60年代のジェームス・ブラウンを支えた名ドラマー、メルヴィン・パーカーが去る12月3日に天に召された。享年77歳。1964年に兄でサックス奏者のメイシオ・パーカーと共にジェームス・ブラウンのバンドに加入。「Papa’s Got a Brand New Bag」、「I Got You (I Feel Good)」などの名演を残し、JBファンクの確立に貢献。後のドラマー達に影響を与えた。偉大なるドラマーに哀悼の意を表し、ここでは1992年2月号で実現した対面インタビューの一部を再編集を加えて掲載。心よりご冥福をお祈りいたします。

僕らはJBの最も重要な時代を担った

●ジェームス・ブラウンとは、どういうきっかけで一緒に活動するようになったんですか?
メルヴィン
 この話をすると歳がバレちゃうんであまり気が進まないんだ──歳を取るって、そんなに悪いことなじゃないけど(笑)。確か僕が大学1年生のとき、62年頃だったかな、当時週末にクラブなどで演奏していたんだけど、ある日ジェームス・ブラウンをはじめ、オーティス・レディング、ベン・E.キング、リトル・ウィリー・ジョンといった大物が集まってね。それでジェームスが一緒にやらないかって誘ってくれたんだ。でも家に帰って父親に聞いたら「ダメだ」って言うんで、しばらくそのまま大学に通うことにした。1年後、同じ大学に通っていたメイシオと一緒に休学してジェームス・ブラウンのバンドに参加することにしたんだよ。いずれ学校に戻って自分達のバンドを作るつもりでいたんだけど、結局メイシオは永久に休学することになった(笑)。僕は何とか学校に戻ったけど、メイシオはフルタイムのミュージシャンになったわけだ。僕は今、学校で教師として働いているから、ドラムはパート・タイムの仕事だ。一般教養を教えている。

●当時の活動状況について教えてください。
メルヴィン
 ジェームス・ブラウンとの初めてのレコーディングは「Out of Sight」という曲で、「Papa’s Got A Brand New Bag」、「Grits & Soul 」など、その後もいろんなレコーディングに参加した。ジェームスの音楽はクリーンで、バンドのメンバーもみんなユニークな発想を持ち合わせていたから、すごく楽しかったよ。メイシオも僕もばっちりハマったという感じだった。
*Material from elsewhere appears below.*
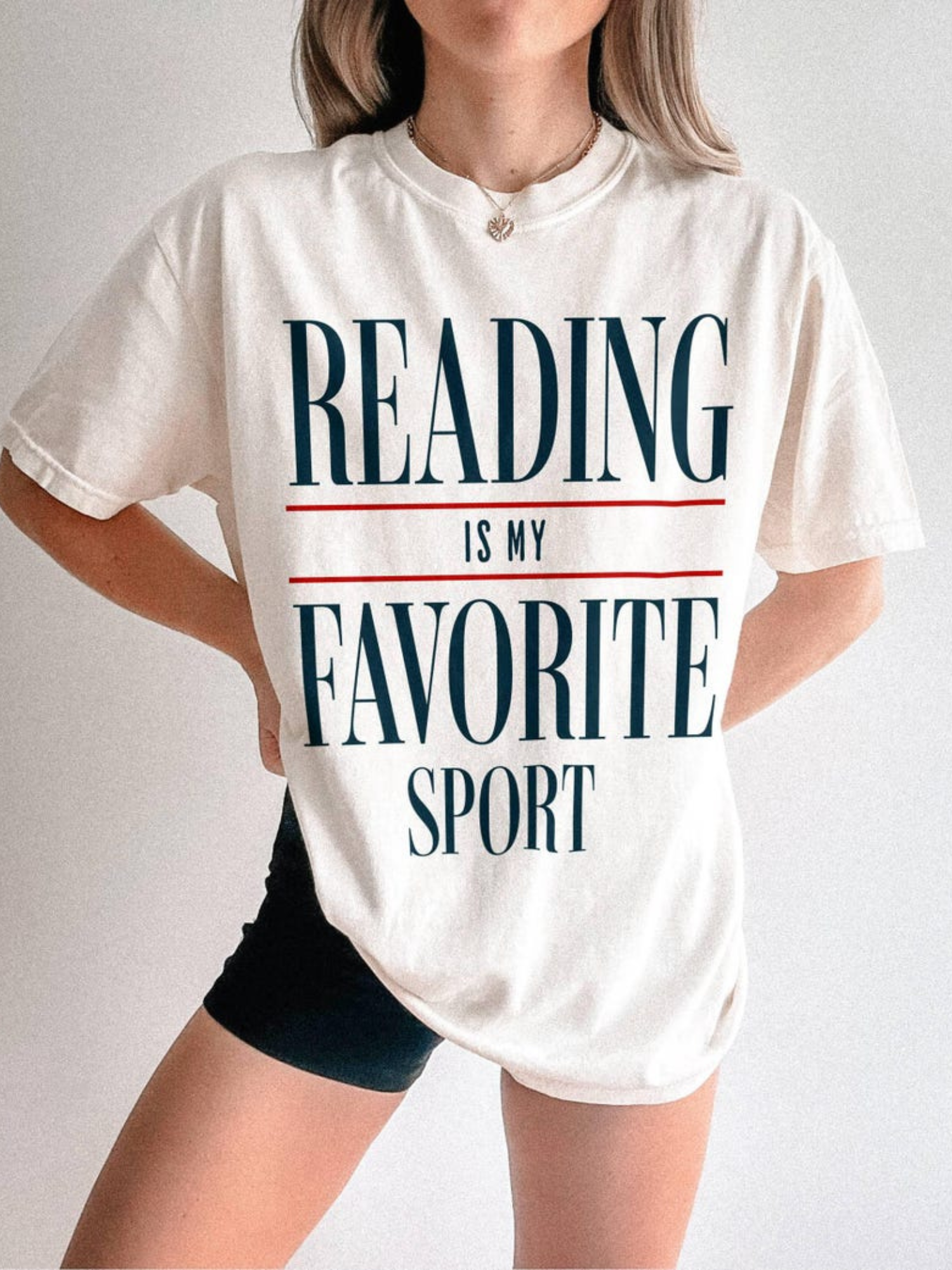 model wearing ivory reading is my favorite sport t shirt with minimal typography design styled in neutral aesthetic outfit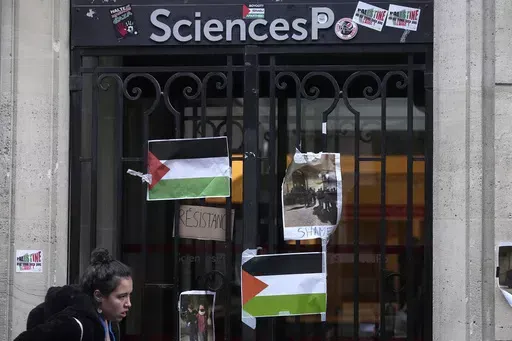 A student walks past th entrance of Sciences-Po university in Paris Friday, April 26, 2024. Students in Paris inspired by Gaza solidarity encampments at campuses in the United States blocked access to a campus building at a prestigious French university Friday, prompting administrators to move all classes online. The pro-Palestinian protest at the Paris Institute of Political Studies, known as Sciences Po, came two days after police broke up a separate demonstration at one of the university's am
●メイシオ&オール・ザ・キングス・メンはどのあたりから登場するのですか?
メルヴィン
 そのバンドはジェームス・ブラウン・グループのメンバーらによって結成されたもので、70〜71年頃だったかな。ちょうど僕の兵役が終わった後だった。

●兵役についてたんですか?
メルヴィン
 そう、3年間。うち1年間はベトナムに行ってたんだ。ま、ともかくメイシオ&&オール〜はジェームス・ブラウンのバンドのメンバーらによって結成されたものだから、そこで代わりにブーツィー・コリンズやその他の連中がジェームス・ブラウン・グループに加わることになったんだ。その頃からジェームス・ブラウンは昔の音作りを再現しようとして、同じことを繰り返しているような気がする。

●ジェームス・ブラウンは、その昔の音を再現できなかったみたいですね?
メルヴィン
 音楽を楽譜にすることはできても、そこにあるフィーリングまでは書き留めることはできない、ということだよ。そのフィーリングは、個々のミュージシャンによって決定づけられるわけだ。楽譜通りに音を出しても、そこにフィーリングがなければ音楽じゃないよ。ジミー・ノーランらのギターは、そう簡単に再現できるものじゃない。メイシオのサックスも然り。曲を作ったメンバーがみんなメイシオ&オール〜に参加してしまったから、ジェームス・ブラウンも困っただろう。